TRUST YOUR JUDGEMENT
Listen to yourself and trust your opinions. As a parent, you have the right to decide. The more clearly you show your teenager what you expect, the easier it is for your teenager to accept it.
If you say ”No” to something, explain why you’re doing so. It’s not about your child deciding whether you’re right or wrong: it’s about helping them understand that you’re not saying “No” just for the sake of saying it.
"If your parents just say OK all the time, they don’t really care".
Elina, aged 15, Örebro
Teenagers are busy developing their own opinions, so it’s important that they know what their parents think. The best thing you can do is to stand by what you believe and tell them why you want things to be a particular way. Over and over again, if necessary. ‘
It’s not the end of the world if you fall out in the heat of the moment. It can sometimes be good to get things off your chest and it’s also a way for teenagers to understand where you draw the line.
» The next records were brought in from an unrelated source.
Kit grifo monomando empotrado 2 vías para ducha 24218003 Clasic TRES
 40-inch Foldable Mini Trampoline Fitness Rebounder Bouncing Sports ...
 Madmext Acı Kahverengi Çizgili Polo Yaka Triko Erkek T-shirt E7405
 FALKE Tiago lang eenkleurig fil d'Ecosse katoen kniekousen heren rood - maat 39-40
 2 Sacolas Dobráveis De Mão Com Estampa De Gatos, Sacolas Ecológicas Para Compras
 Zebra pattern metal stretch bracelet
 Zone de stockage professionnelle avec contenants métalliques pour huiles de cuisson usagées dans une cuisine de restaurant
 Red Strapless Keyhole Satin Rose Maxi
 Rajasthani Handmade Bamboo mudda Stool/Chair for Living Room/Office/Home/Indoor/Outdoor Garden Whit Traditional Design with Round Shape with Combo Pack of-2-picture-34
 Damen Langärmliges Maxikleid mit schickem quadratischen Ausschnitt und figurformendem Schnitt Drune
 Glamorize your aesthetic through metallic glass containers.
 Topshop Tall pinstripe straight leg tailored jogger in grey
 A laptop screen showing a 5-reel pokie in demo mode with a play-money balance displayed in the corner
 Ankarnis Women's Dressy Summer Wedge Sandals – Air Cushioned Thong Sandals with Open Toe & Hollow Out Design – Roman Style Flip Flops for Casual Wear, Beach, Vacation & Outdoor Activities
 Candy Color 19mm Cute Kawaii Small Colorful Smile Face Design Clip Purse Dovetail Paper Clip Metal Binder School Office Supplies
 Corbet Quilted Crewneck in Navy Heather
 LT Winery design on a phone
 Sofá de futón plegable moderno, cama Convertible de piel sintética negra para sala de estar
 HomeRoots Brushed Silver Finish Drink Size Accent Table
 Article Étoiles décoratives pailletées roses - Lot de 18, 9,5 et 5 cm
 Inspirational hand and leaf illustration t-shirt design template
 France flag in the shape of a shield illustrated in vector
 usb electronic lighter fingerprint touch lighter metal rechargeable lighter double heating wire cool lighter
"Getting whatever you want all the time doesn’t make you happier. You have to long for some things, too".
Eddie, aged 15, Umeå
IF IN DOUBT, THINK ABOUT IT
If your teenager asks you something and you’re not really certain what you really think, you can try saying that you’d like to think about that before answering. This shows your child that you’re taking their question seriously and, at the same time, that it isn’t always easy taking a stand on different issues.
It’s sometimes a good idea to talk it over with someone else too – maybe another parent – in order to gain some perspective.
YOU’RE A PARENT, NOT A FRIEND
Letting things slide doesn’t make you a nicer parent. Teenagers don’t need another friend: they need an adult they can rely on.